Picking up from Greek and Latin writers only, as was his wont, those scraps of which his Natural History is made, Pliny tells us, even in Homer, mention is made of embroidered cloths, which originated such as by the Romans are called “triumphal.” To do this with the needle was found out by the Phrygians, hence such garments took the name Phrygionic: “Pictas vestes jam apud Homerum fuisse unde triumphales natæ. Acu facere id, Phryges invenerunt ideoque Phrygioniæ appellatæ sunt.”[299] He might have added that the only word the Romans had to mean an embroiderer was “Phrygio,” which arose from the same cause. Many passages in Virgil show that from Western Asia the Romans learned their knowledge of embroidery, and borrowed the employment of it on their garments of State; besides, “those art-wrought vests of splendid purple tint:”—“arte laboratæ vestes ostroque superbo,”[300] brought forth for the feast by the Sidonian Dido, the Phrygian Andromache bestows upon Ascanius, as a token of her own handicraft, garments shot with gold and pictured, as well as a Phrygian cloak, along with other woven stuffs—

Fert picturatas auri subtemine vestes,

Et Phrygiam Ascanio chlamydem, &c.[301]

and Æneas veils his head for prayer with the embroidered hem of his raiment—

Et capita ante aras Phrygio velamur amictu.[302]

[299] Lib. viii. c. 47.

[300] Æneid i. 643.

[301] Ibid. iii. 482.

[302] Ibid. iii. 545.

In Latin while an embroiderer was called a Phrygian, “Phrygio,” needlework was denominated “Phrygium,” or Phrygian stuff; hence, when, as often happened, the design was wrought in solid gold wire or golden thread, the embroidery so worked got named “auriphrygium.” From this term comes our own old English word “orphrey.” Though deformed after so many guises by the witless writers of many an inventory of church goods, or by the sorry cleric who in a moment of needful haste had been called upon to draw up a will; other men, however small their learning, always spelled the word “orphrey,” in English, and “auriphrygium,” in Latin.
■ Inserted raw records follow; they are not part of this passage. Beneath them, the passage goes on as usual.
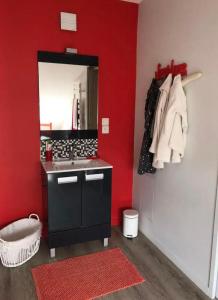 Chambre et salle d'eau privées dans maison de ville في لا روش سور يون: حمام احمر مع حوض ومرآة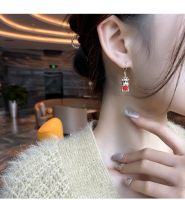 ?️ต่างหู ตุ้มหู แฟชั่น ส่งจากไทย❤️❤️ Fashion Women Lady Elegant Earrings High Quality Crystal Rhinestone Earrings Jewelry  Korean fashion design small earrings super fairy personality simple Earrings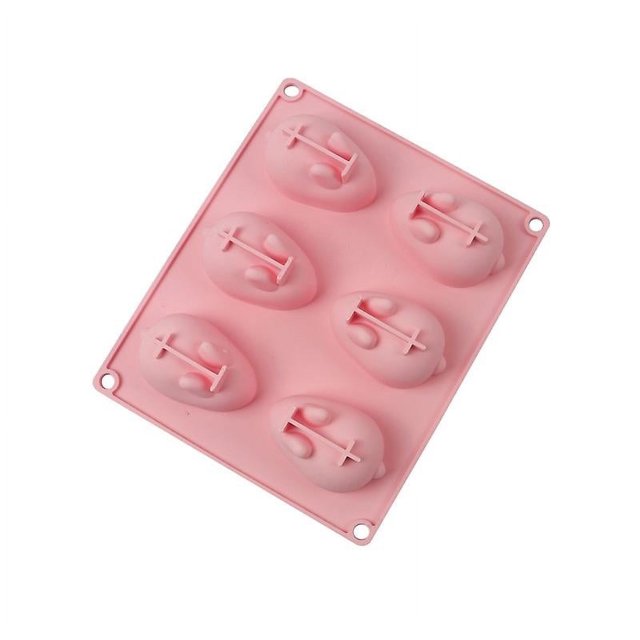Moldes de silicona para conejitos, molde de conejo de silicona suave y reutilizable, molde de jabón en forma de conejo de 6 cavidades, molde de silicona para chocolate, fácil de de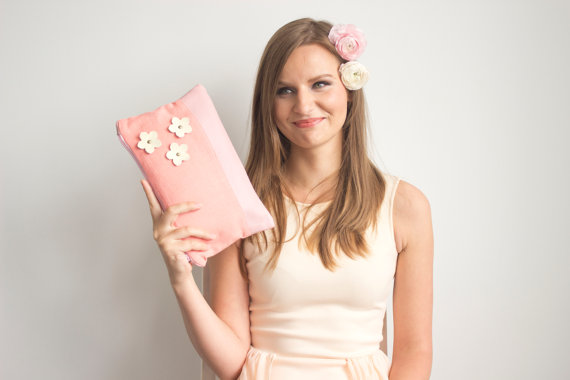 Wedding - 50% SALE! Pink linen and leather clutch, Wedding clutch, Evening purse, Summer purse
In the Exeter inventory, given by Oliver, “cum orphrey de panno aureo, &c. cum orphrais, &c.”[303] are found; and the cope bequeathed by Henry Lord de Scrope, A.D. 1415, had its “orphreis” “embraudata nobiliter cum imaginibus,” &c.[304] The many beautiful orphreys on the Lincoln vestments are fully described in the “Monasticon Anglicanum:”[305] no one could be more earnest in commanding the use on vestments of the auriphrygium, or embroidered “orphrey” than St. Charles Borromeo.[306]